The ACA has helped hospitals by reducing uncompensated care costs. In Minnesota, charity care costs declined from $226 million in 2010 to $164 million in 2014.

A report earlier this month from Moody's Investors Service said the Republican bill would be "credit negative" for hospitals because it "would reduce the number of people with health insurance and increase bad debt and uncompensated care costs."

The Minnesota Medical Association, which represents 10,000 physicians and doctors in training, said the GOP bill fails to improve the affordability of care and coverage.

The bill would replace the ACA's tax credits with subsidies that would reduce financial support for those least able to afford coverage, said Dr. David Agerter, the group's president, in a statement. The bill also would threaten the viability of Medicaid by reducing federal funding.

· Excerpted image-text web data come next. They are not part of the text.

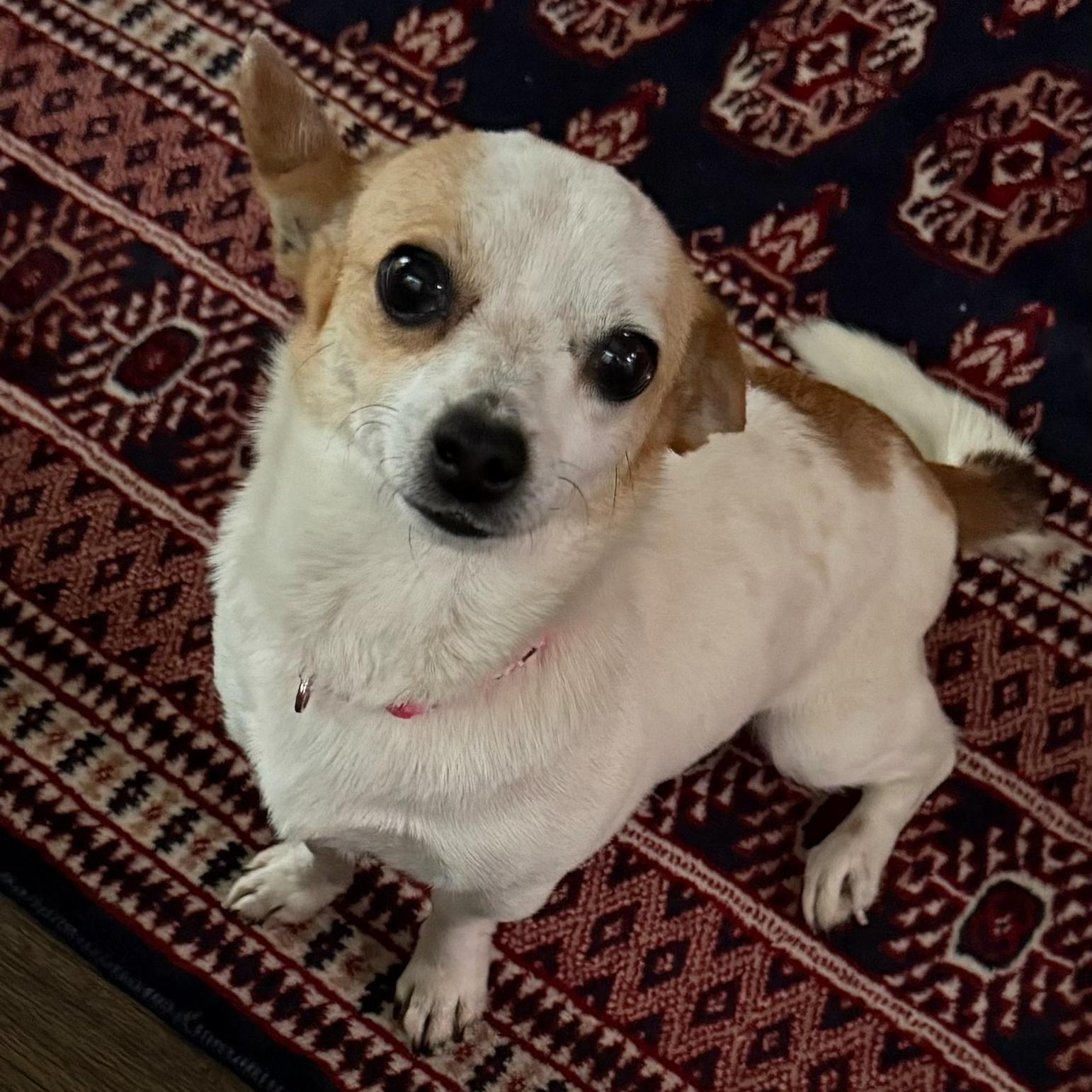 Enlarge Lily, an adopted mixed breed in Plano, TX image 1/5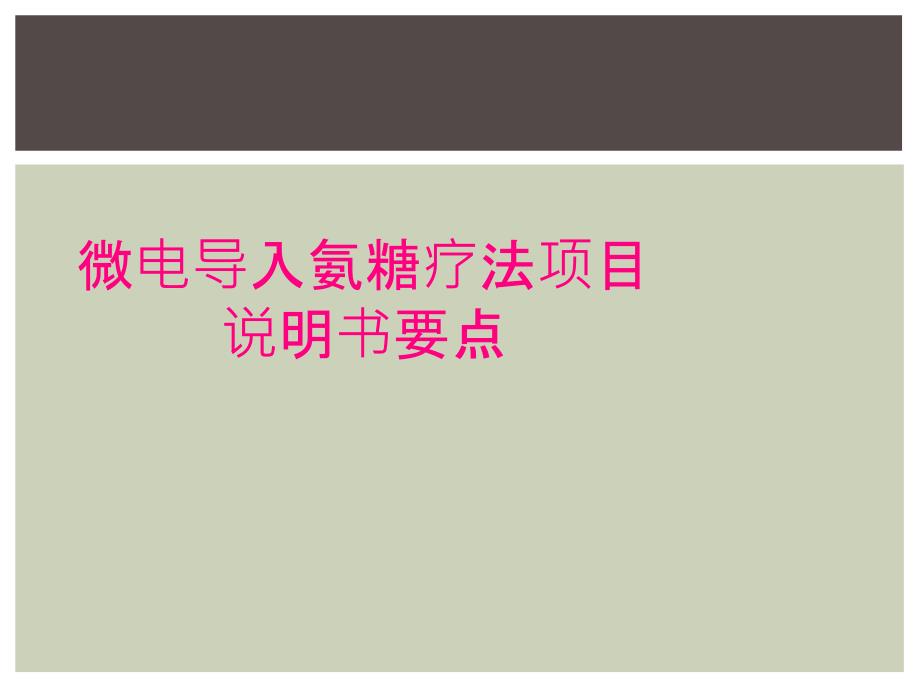 微电导入氨糖疗法项目说明书要点_第1页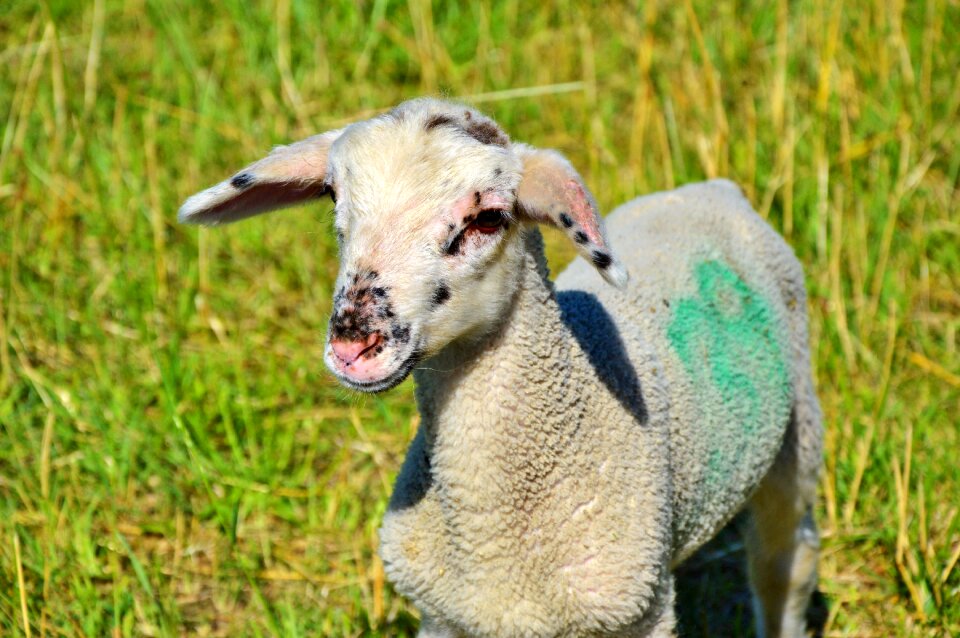 Flock of sheep wool pasture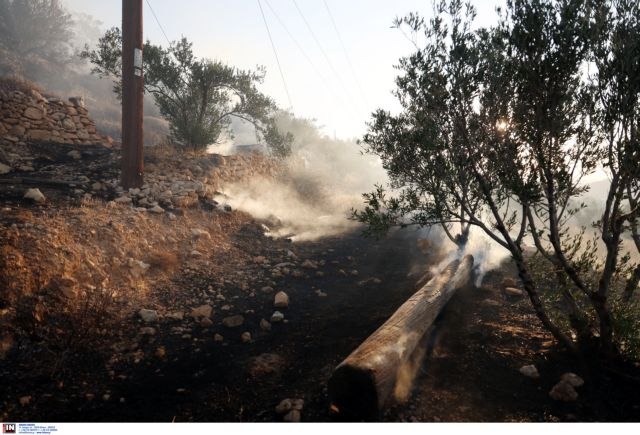 Στήριξη στους κατοίκους της Ιεράπετρας από τον Δήμο Ηρακλείου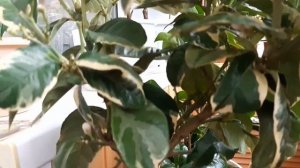 Лимон вариегатный Эврика Пинк.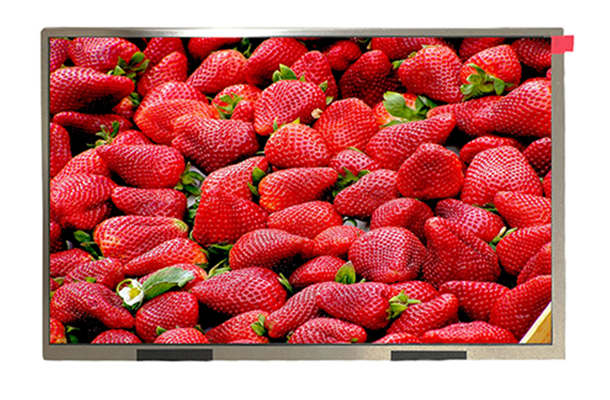 為何10.1寸1280*800屏成市場寵兒？解析其高性價比與全能表現(xiàn)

"In Minnesota alone, the state stands to lose a total of $2 billion in just the initial 18 months of implementation," Agerter said. "Replacing the ACA with the AHCA is a bad deal for patients and a bad deal for Minnesota."

Nationally, the American Hospital Association and the American Medical Association are among the health care trade groups that don't support the Republican bill.

Some health insurers and health insurance trade groups have expressed support for aspects of the GOP bill that are designed to promote stability in the individual market, where the self-employed and those who don't get coverage from an employer buy health insurance.

But the Minnesota Council of Health Plans, the trade group for the state's nonprofit health insurers, said Wednesday the Republican bill moves away from the goal of widespread coverage.

"The focus needs to be on fixing high medical expenses, not insuring fewer people," Jim Schowalter, chief executive for the trade group, said in a statement. "The bill would have most people who buy insurance on their own paying more, even if they can't afford it, and large cuts will be needed in insurance for Minnesotans with low incomes and disabilities."

The ACA drove fundamental changes to the individual market, resulting in instability that has driven up premiums and caused some health insurers to drop out.

Minnesota's individual market has been among the country's most troubled. Regulators say it was on the brink of collapse for 2017, when insurers were granted big premium jumps and enrollment caps as emergency measures.

House Speaker Paul Ryan, R-Wis., cited the example of Minnesota and a few other states this month in making the case for the GOP plan.

The legislation on Wednesday got backing in an open letter to Congress from conservative groups, including the Center of the American Experiment, a Golden Valley-based conservative think tank.

"The bill would eliminate both the individual and employer mandates, which are punitive measures that have effectively acted as hefty taxes," says the letter, also signed by Grover Norquist, the influential president of Americans for Tax Reform. "Additionally, the legislation would implement the most significant entitlement reforms in more than 20 years."

Some Minnesota critics of the ACA have been critical of the GOP plan, saying it doesn't go far enough.

"GOP lawmakers are trying to fix Obamacare rather than get rid of it," Twila Brase, president of the St. Paul-based Citizens' Council for Health Freedom.

Brase's group, which focuses on patient choice and privacy issues, has blasted high premiums and limited doctor and hospital networks in health plans under the ACA.

"The American people asked for repeal, but with this bill the GOP is issuing its own federal mandates and its own federal requirements," Brase said.